The big unknown involves income tax revenues.
Wacks said he has halved the county's projection from last spring, when the current budget was crafted, from 4 percent growth to 2 percent. Still, he won't get updated collection figures from the state until late November, he said.
In addition, state cuts to schools and community colleges could cost an additional $2.8 million.
During the briefing, council Chairman Courtney Watson, an Ellicott City Democrat, said her father, former County Executive Edward Cochran, told her that he has strong faith in Wacks' ability to steer a prudent course. But both she and Republican Greg Fox said they'd feel better if Ulman made more cuts now, rather than using money designated for retiree health benefits or waiting for more bad news.
"I'm always looking at worst-case scenarios," Watson said. "We haven't seen 80 percent of what's going to hit us. Should we be taking more aggressive steps?"
Wacks responded that the administration already has made reductions, including cutting the use of take-home vehicles by county employees.
"We were concerned," he said. "We did take steps."
Fox questioned Ulman's hiring of a new Annapolis lobbyist and his use of county police officers as drivers/bodyguards.
"Could this be the time for the county executive to drop the protection officers and drive his hybrid to work?" Fox asked.
Wacks replied that there are pros and cons to every move.

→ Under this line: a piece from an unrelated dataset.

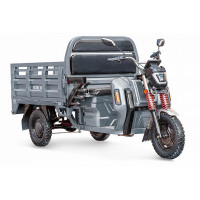 Грузовой электротрицикл RuTrike Антей Pro 1500 60V1200W 024455-2737 серый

Ulman often has one officer in a county police car drive him. At other times, he drives himself in a county-owned Ford Escape SUV Hybrid. Executives in several Maryland counties have police drivers who also provide security, though the practice is new with Ulman in Howard County.
"I think this is a scary situation for all of us," Wacks said. "It could get even worse."
Wacks said property assessments may decline in the one-third of the county covering Elkridge and parts of east Columbia. The state will reassess for next fiscal year, but years of previous growth in values should keep property tax revenues growing for a time. Builders are postponing projects, however, he said, and if conditions worsen, so could the revenue picture.
"It's clear to most people we're heading into a deep recession," Wacks said.